The Revolutionary War and the Quakers

As I rub imaginary elbows with the men and women who fought the Revolutionary War, I am constantly amazed at the variety of people who joined in the conflict. They were ordinary every-day citizens of our country who happened to be living in extraordinary times. Some of the names are well-known–George Washington, Samuel Adams, Alexander Hamilton, Paul Revere–to name a few. While these names are familiar, and there are statues, monuments, and parklands around the country named for them, there were thousands of others who participated in one form or another, but whose heroics are not so well known. Allow me to introduce you to two of them.

 Lydia Darragh, Quaker Pacifist

Alas, no statues exist for Lydia Darragh. Lydia Darragh (LOC (off the internet)) edit 1She was a Quaker woman, living in the Philadelphia area during the war. Born in 1729 in Dublin, Ireland, she emigrated to America around 1756 with her husband, William. He worked as a tutor and she was a midwife. She gave birth to five children in America, and had four others, who died in infancy. Although the family were Quakers, her eldest son, Charles, enlisted with the 2nd Pennsylvania Regiment in the Continental Army. When the British troops took over a house opposite the Darragh home, Lydia began providing her son with information regarding the enemy’s plans, gathered from eavesdropping on conversations.

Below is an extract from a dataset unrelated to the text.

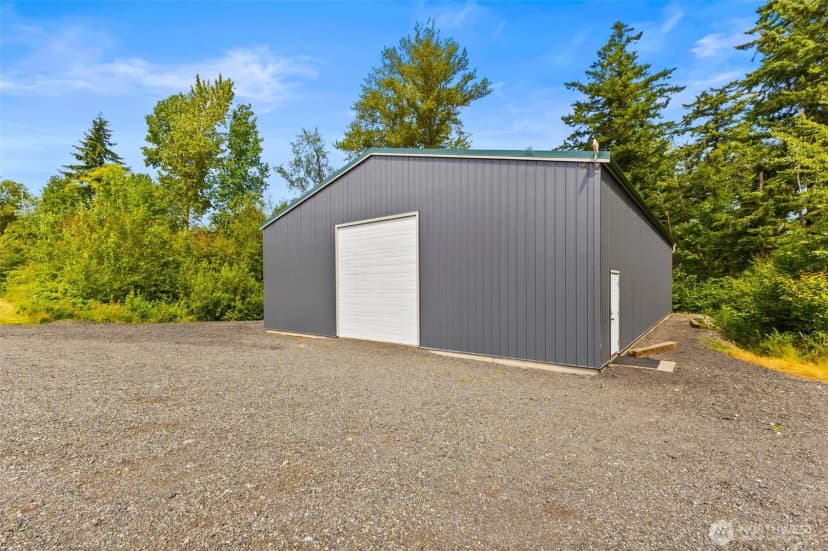 Property photo for 568 Wiltse Lane, Bellingham photo 31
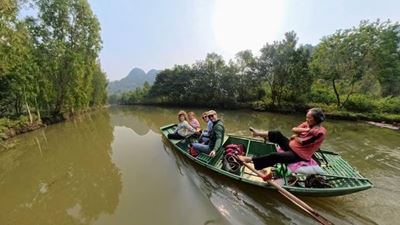 Navegamos por el río Ngo Dong en Tam Coc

In October 1777, the British troops occupied Philadelphia, and General Howe took over a large parlor room of the Darragh home for his staff meetings. In December 1777, Lydia was told of a major meeting that would take place that evening, and that she should retire early. She was allowed to remain in her home during the meeting, though, since the Quakers were known to be unsupportive of the war. But the British didn’t take into account she was also a mother.

Instead of going to sleep, Lydia listened through the door and learned that the British troops were being ordered to leave the city in a few days to make a surprise attack on the Continental Army camped at White Marsh, under the guidance of George Washington. She scurried back to bed when the British disassembled, and had to be roused to follow them out, lock the door and extinguish the candles.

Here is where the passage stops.